— Task requirements —
What you need to produce from the material below is an exact transcription of the lines from the one with "DIVER Duck Layout" through the one with "Lenovo ThinkPad P50", both included, and no other line.

— Available records —
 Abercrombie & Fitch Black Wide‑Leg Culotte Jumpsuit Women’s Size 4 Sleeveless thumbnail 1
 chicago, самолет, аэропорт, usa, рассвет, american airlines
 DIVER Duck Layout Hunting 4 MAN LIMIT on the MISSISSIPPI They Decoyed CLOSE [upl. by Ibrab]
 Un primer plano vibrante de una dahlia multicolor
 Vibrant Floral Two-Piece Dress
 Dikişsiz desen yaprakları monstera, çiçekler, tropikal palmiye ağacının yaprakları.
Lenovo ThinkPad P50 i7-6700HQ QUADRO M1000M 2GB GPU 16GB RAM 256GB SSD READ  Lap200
...
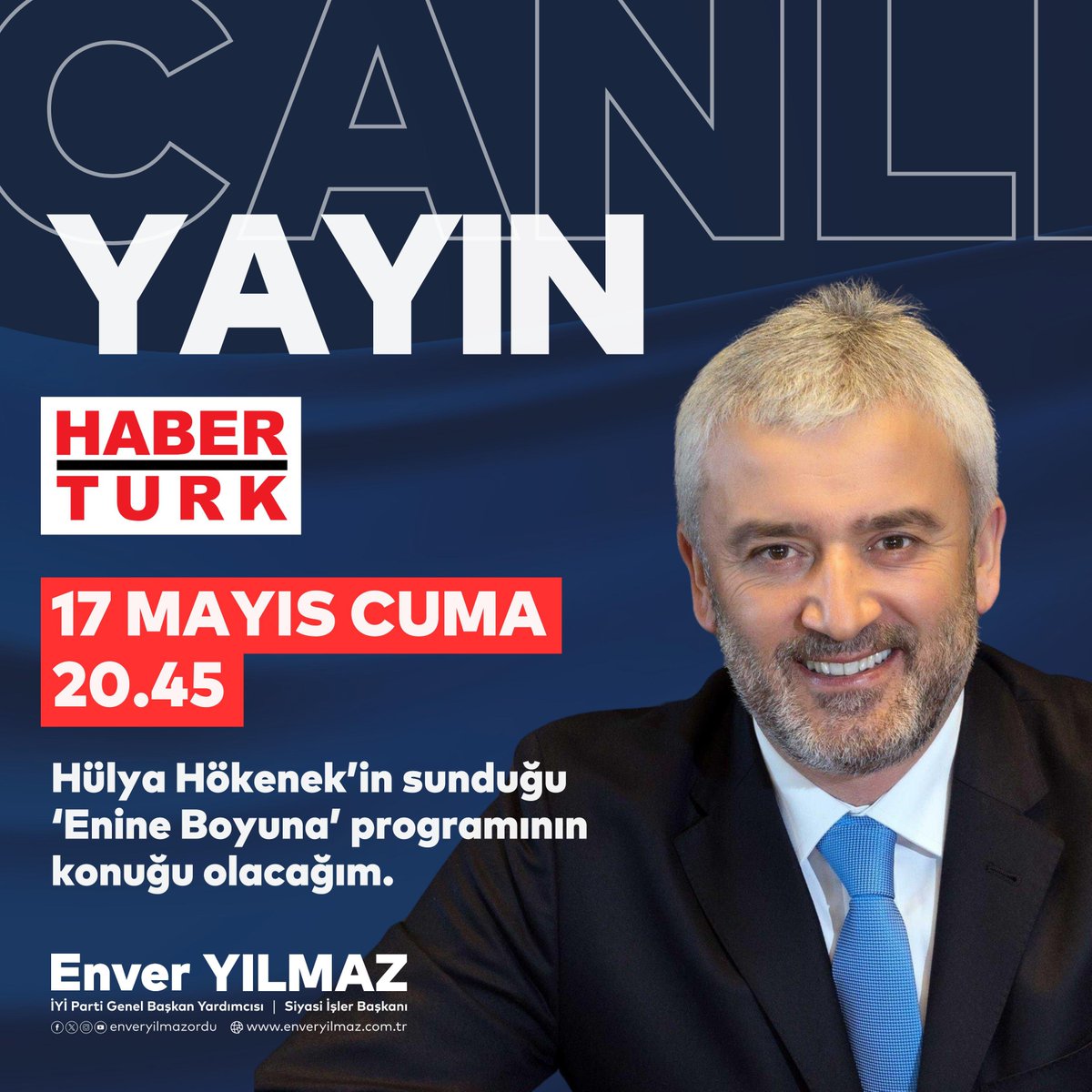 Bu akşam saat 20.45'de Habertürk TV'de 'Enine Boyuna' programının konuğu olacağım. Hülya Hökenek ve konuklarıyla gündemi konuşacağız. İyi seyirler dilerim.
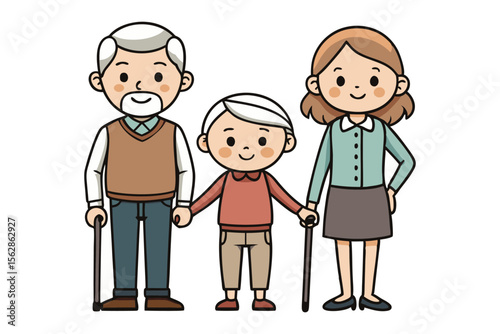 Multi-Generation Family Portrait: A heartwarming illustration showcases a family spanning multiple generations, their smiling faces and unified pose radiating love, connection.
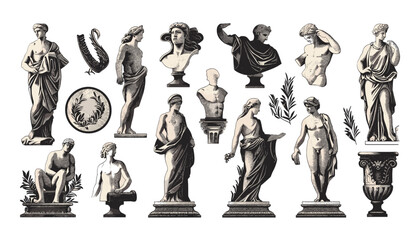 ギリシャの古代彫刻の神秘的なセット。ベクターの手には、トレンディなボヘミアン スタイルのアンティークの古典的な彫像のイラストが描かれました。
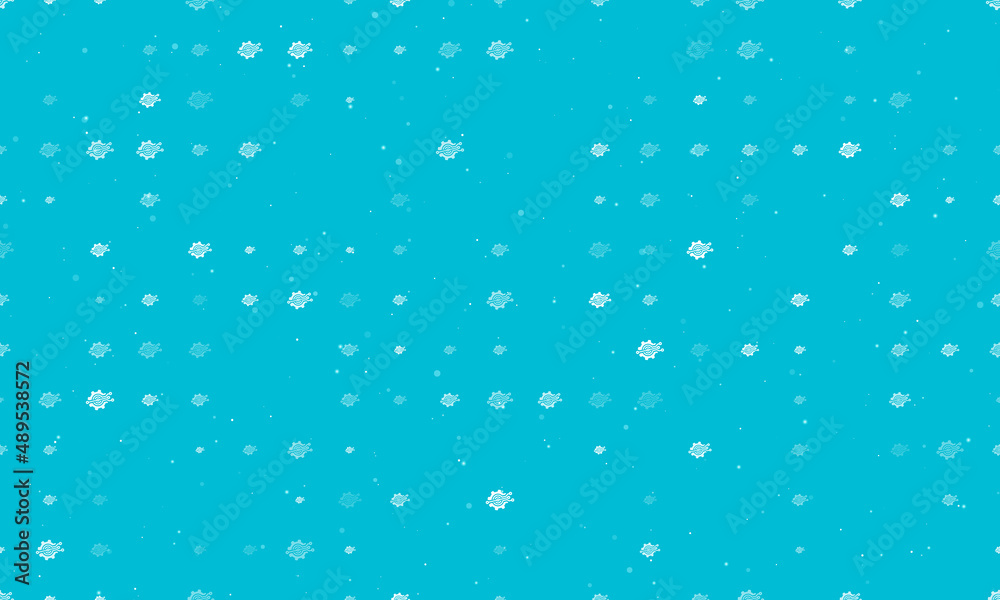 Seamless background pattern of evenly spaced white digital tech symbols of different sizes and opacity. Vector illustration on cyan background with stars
* * *
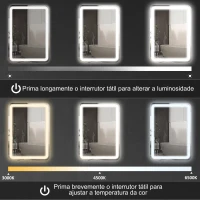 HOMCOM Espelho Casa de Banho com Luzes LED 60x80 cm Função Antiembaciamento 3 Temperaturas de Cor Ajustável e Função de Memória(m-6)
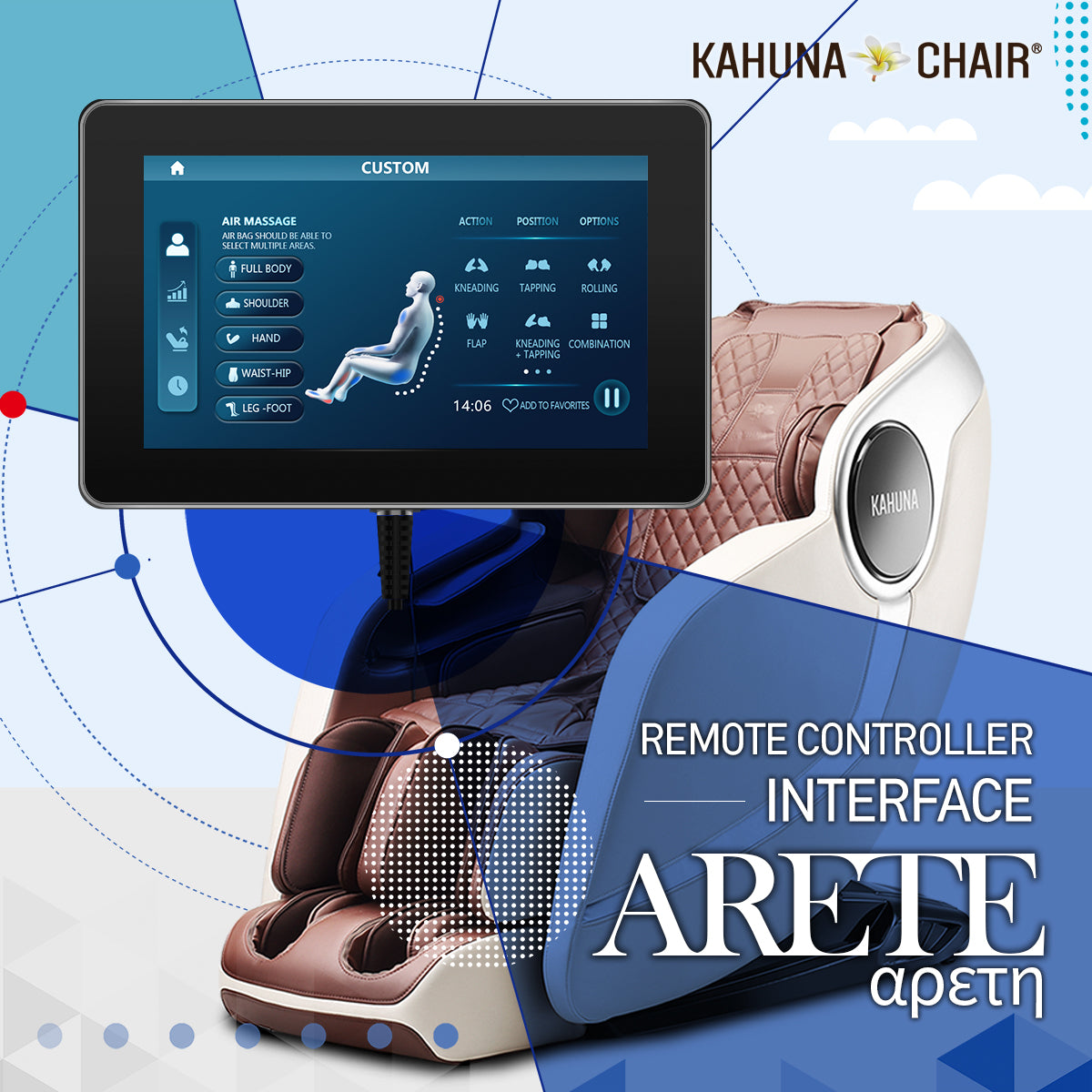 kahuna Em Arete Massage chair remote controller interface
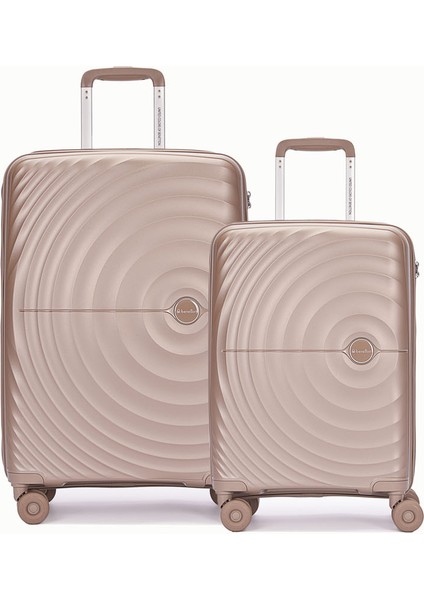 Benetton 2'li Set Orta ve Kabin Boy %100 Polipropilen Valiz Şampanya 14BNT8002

— Result for this task —
 DIVER Duck Layout Hunting 4 MAN LIMIT on the MISSISSIPPI They Decoyed CLOSE [upl. by Ibrab]
 Un primer plano vibrante de una dahlia multicolor
 Vibrant Floral Two-Piece Dress
 Dikişsiz desen yaprakları monstera, çiçekler, tropikal palmiye ağacının yaprakları.
Lenovo ThinkPad P50 i7-6700HQ QUADRO M1000M 2GB GPU 16GB RAM 256GB SSD READ  Lap200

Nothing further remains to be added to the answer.